Il problema però che ha portato a dover rimandare lo stop dev’essere però ricercato, secondo Sergio Capelli, direttore di Legambiente Piemonte e Valle d’Aosta, nella preparazione all’introduzione di questa misura: “Il fatto che sia scritta bene non garantisce che sia applicata altrettanto bene. L’esempio della rimozione del blocco degli Euro 5 è un esempio evidente di questo […] Purtroppo da quel febbraio 2019 – quando è stata approvata la direttiva in questione – al giugno 2023, non si è fatto nulla. Non si è comunicato nulla ai cittadini”. Si è arrivati così, per il direttore locale di Legambiente, a dover fare qualcosa all’ultimo momento, minando anche la credibilità delle istituzioni.
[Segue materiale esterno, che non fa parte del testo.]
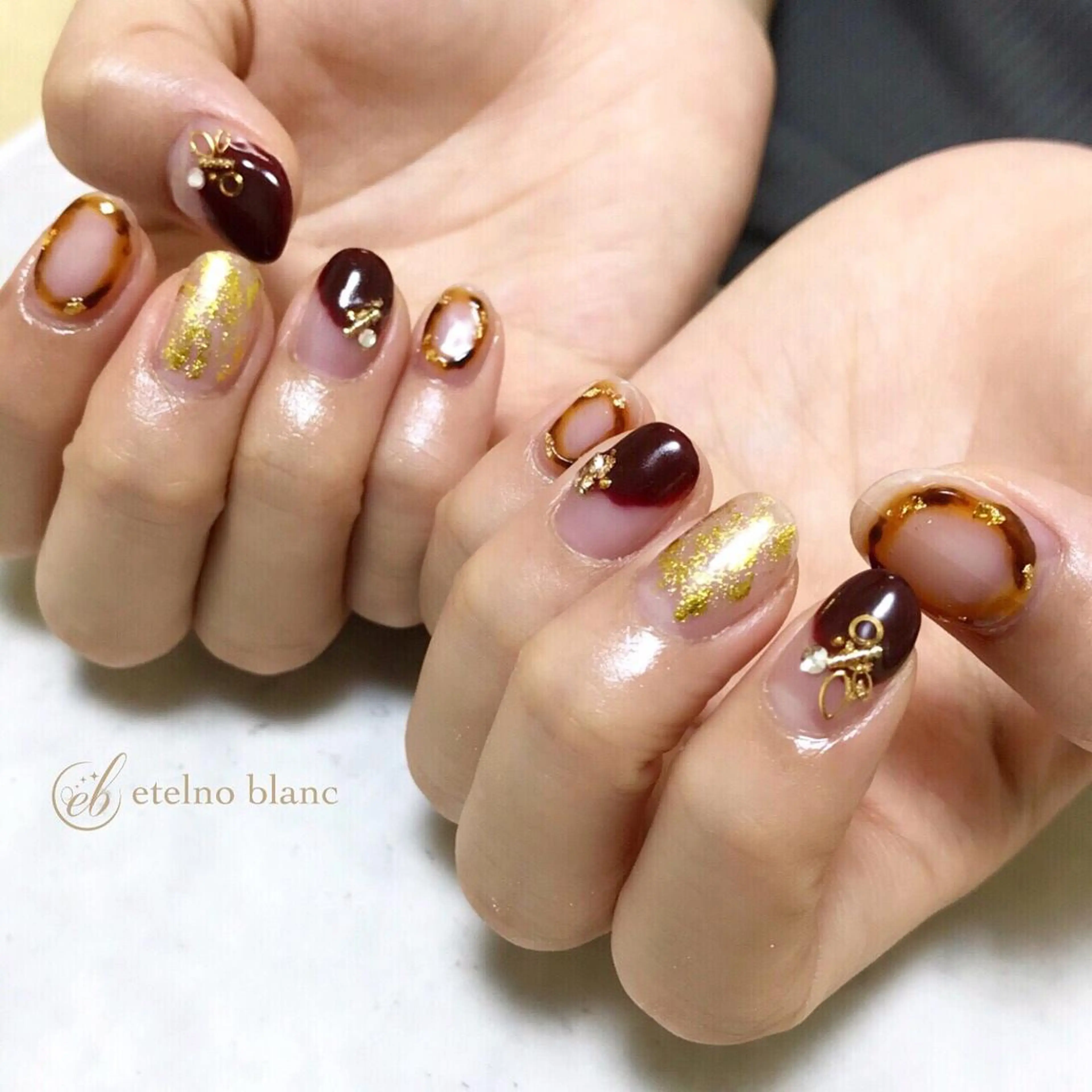 ネイル etelno blanc中目黒のネイルデザイン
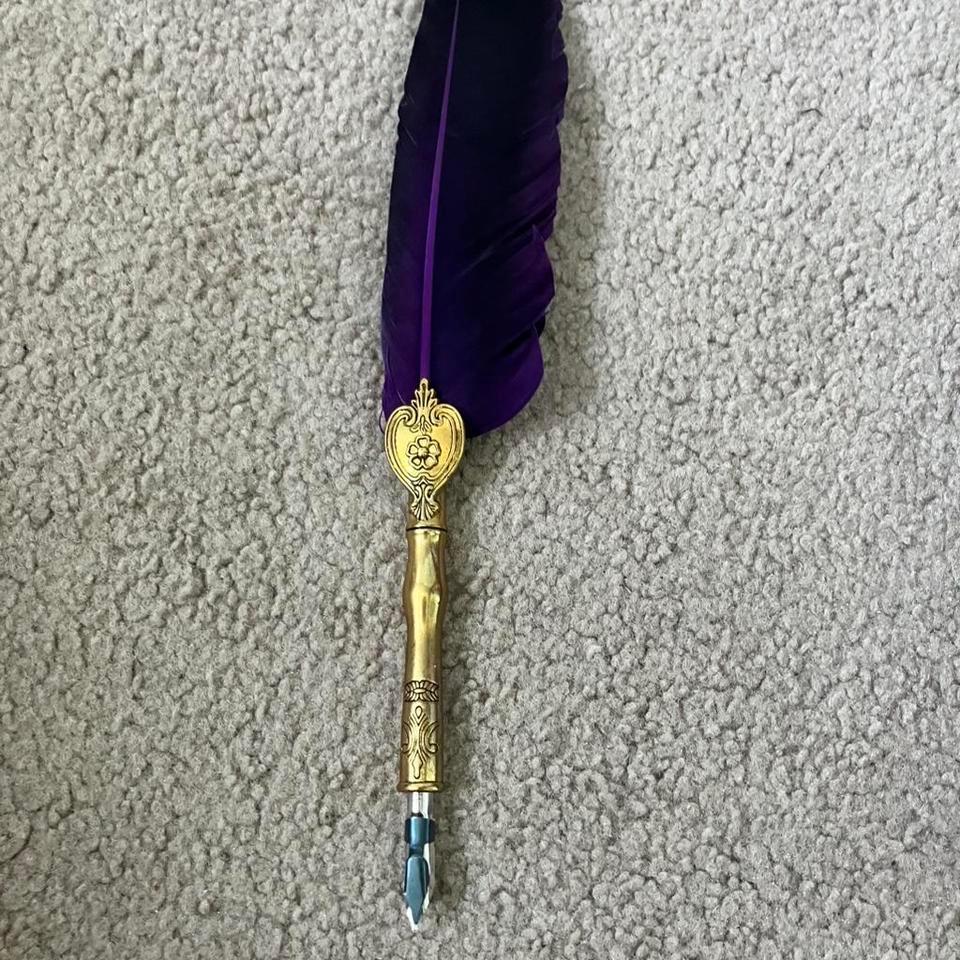 Purple Feather Quill Pen Set 7f19 5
Per limitare l’uso dell’auto privata, secondo Capelli, serve innanzitutto potenziare il trasporto pubblico: “Devo dare un trasporto pubblico efficace ed efficiente: efficace nel senso che mi deve portare da A a B in tempi ragionevoli e con un comfort ragionevole; efficiente nel senso che deve avere una sostenibilità economica”. Nell’ambito urbano infatti un grande utilizzo dell’auto privata sostiene in maniera minore il trasporto pubblico e influisce sulla sua efficienza aumentando il traffico sulle strade. Inoltre cruciale è il tema delle ferrovie nella regione, sul quale prosegue Capelli: “In Piemonte, adesso qualcuna è stata riattivata, ma c’erano 14 linee ferroviarie sospese, linee ferroviarie utilizzate dai pendolari. E se sono utilizzate dai pendolari e il pendolare non ha più il treno, prende l’automobile”.